Thursday, 13 September 2012

Husbandly Love

I've been thinking about some of the implications of the Sydney Diocese proposal for the marriage liturgy, including some of the remarks made by Archbishop Peter Jensen on Q&A.

I should say that there were points where I found myself in agreement with the Archbishop. His critique of secular individualism was spot on, and I appreciated his compassion towards refugees and his overall composure and refusal to resort to abuse. I valued too his call for open, respectful dialogue.

In that spirit, I have respectfully to disagree with the Archbishop on the gender and marriage question - although not, I hope, from the perspective of liberal individualism. I can't accept the theological reasoning that wives should be the only ones submitting in marriage. In my view, submission is mutual in marriage and not just for wives.

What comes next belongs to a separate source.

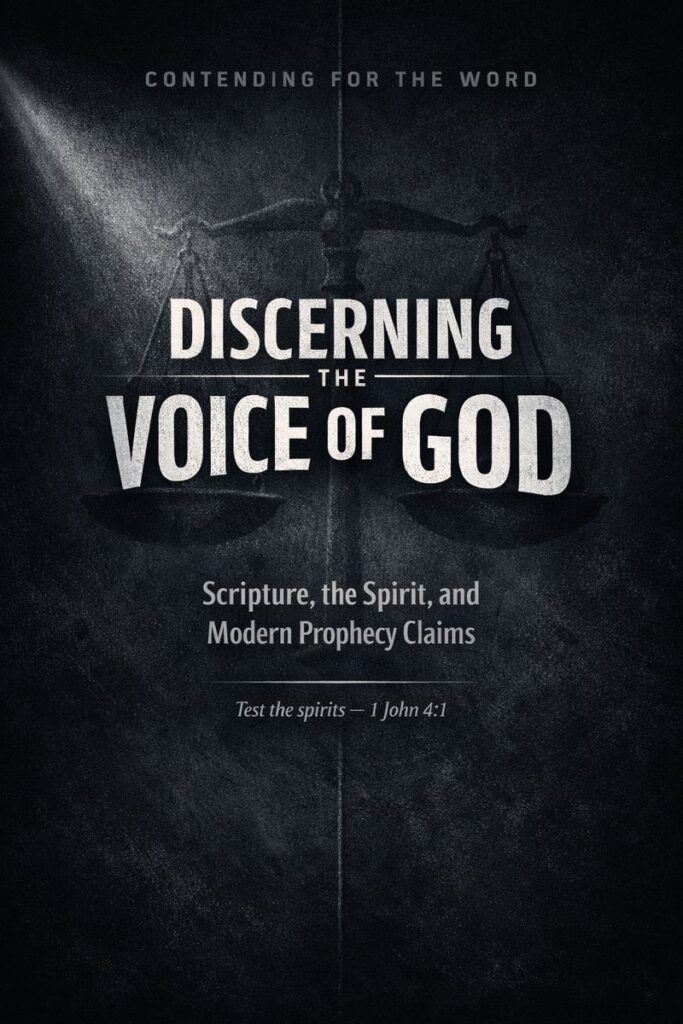 Discerning the Voice of God: Scripture, the Spirit, and Modern Prophecy Claims 1 Dramatic dark background with the title ‘Discerning the Voice of God’ in bold text, faint scales of justice in the background, and the subtitle ‘Scripture, the Spirit, and Modern Prophecy Claims’ for Contending for the Word.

Indeed, I find the argument for wifely submission deeply inconsistent. Men, we are told, have the more difficult deal in this arrangement. Whereas wives are required only to submit (or obey), husbands are required to give their lives.

But what, I wonder, does that actually mean? Well, it means, of course, that in a terrorist attack, husbands should act self-sacrificially and protectively of their wives, even if it means the loss of their own; each is to put his wife's safety before his own. Here the model is that of Christ's love for the church, evidenced in his sacrificial death.

That's all very well. But, truth to tell, in our context it's hardly a likely scenario. How many husbands will be called upon to make the ultimate sacrifice for their wives?

So, if the literal meaning is so unlikely, what about the metaphorical? The husband, we're told by Archbishop Jensen, will have his natural masculine arrogance and bossiness challenged and softened by the vows he makes in marriage; no recipe, this, for domestic violence which the Archbishop regards (rightly) as a very serious sin.

But in what way will the husband metaphorically give his life for his wife? Will he support her career? Will he look after the children so that her work will thrive? Will he share the housework with her, if not do the bulk of it when required? Will he be prepared to give up his career for hers? Will he ensure she has regular time for herself and her own development, spiritual, intellectual, emotional?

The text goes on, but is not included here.